Qui rimase fino al 1459 ca. quando, in seguito al passaggio del tabernacolo dalla Parte Guelfa al Tribunale di Mercanzia, la statua venne rimossa e il suo posto occupato dall'”Incredulità di San Tommaso” di Andrea Verrocchio (1483). Il San Ludovico fu quindi trasferito a Santa Croce e collocato sulla facciata della chiesa, come attestato anche da questa foto. Qui rimase fino alla realizzazione della nuova facciata ad opera di Niccolò Matas (1860-1865 ca.): il San Ludovico verrà quindi trasferito in chiesa, nella controfacciata e successivamente (1903) nel Refettorio dove ancora oggi questo straordinario capolavoro è esposto.

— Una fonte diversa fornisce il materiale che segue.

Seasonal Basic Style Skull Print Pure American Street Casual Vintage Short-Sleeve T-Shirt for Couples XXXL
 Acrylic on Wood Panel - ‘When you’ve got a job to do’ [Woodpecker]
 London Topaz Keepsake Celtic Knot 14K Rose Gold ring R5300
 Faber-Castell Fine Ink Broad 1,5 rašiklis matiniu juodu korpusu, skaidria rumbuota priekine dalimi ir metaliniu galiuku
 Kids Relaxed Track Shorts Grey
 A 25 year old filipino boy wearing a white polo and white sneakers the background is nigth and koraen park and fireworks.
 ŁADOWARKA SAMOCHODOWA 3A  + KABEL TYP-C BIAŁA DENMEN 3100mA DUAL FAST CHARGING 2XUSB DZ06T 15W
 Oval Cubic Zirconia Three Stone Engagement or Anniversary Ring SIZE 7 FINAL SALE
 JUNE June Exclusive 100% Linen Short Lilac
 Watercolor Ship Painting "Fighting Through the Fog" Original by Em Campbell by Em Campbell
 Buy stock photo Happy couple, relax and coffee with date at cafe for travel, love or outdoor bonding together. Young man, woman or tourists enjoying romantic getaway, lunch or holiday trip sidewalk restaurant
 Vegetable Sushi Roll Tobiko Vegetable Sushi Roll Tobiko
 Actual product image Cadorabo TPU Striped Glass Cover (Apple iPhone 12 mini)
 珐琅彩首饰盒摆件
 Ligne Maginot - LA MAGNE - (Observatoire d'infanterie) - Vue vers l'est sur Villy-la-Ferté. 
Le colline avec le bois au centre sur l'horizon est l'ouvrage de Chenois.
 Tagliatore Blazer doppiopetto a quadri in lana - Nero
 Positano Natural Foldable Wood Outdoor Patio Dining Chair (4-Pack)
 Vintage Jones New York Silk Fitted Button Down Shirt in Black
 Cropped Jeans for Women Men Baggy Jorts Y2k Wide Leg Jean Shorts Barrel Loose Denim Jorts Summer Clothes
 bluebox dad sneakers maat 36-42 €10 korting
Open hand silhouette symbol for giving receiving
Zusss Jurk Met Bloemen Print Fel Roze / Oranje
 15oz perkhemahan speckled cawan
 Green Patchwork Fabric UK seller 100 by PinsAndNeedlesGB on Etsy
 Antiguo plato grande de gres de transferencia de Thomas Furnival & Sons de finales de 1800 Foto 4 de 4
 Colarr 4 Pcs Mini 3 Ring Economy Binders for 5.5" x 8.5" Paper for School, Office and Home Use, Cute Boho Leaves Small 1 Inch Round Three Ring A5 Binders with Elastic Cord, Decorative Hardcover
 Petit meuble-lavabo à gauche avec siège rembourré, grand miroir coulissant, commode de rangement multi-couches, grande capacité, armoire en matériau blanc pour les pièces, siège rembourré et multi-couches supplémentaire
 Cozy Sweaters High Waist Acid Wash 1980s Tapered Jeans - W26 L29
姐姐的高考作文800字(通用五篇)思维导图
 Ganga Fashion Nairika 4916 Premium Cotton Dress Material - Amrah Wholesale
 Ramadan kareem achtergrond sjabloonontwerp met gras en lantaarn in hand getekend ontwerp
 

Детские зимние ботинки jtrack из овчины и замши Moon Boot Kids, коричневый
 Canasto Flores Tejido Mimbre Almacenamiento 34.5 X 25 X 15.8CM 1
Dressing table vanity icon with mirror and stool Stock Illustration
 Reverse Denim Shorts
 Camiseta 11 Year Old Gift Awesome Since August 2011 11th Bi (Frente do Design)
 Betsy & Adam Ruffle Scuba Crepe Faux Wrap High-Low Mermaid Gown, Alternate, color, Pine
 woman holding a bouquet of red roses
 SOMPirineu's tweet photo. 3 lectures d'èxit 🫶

L’opera, stando ai documenti, era costata l’iperbolica cifra di 3000 fiorini e questo nonostante la tecnica usata da Donatello che – di fatto – permise di economizzare sull’impiego del costosissimo bronzo: la scultura è infatti il risultato dell’assemblaggio di parti fuse e sbalzate separatamente. Alle lamine in cui è sbalzato il potente, naturalistico panneggio vengono infatti unite, saldandole, le parti emergenti del corpo, la mitria e il pastorale: se osserviamo con attenzione noteremo, ad esempio, come la mano destra benedicente del giovane Ludovico altro non sia se non un bellissimo guanto, del tutto priva del proprio avambraccio.
La visione laterale dell’opera, ripresa durante l’ultimo restauro, chiarisce bene la vera natura di questo capolavoro, “manichino immaginario” sul quale Donatello ha “cucito” un mirabile abito di bronzo.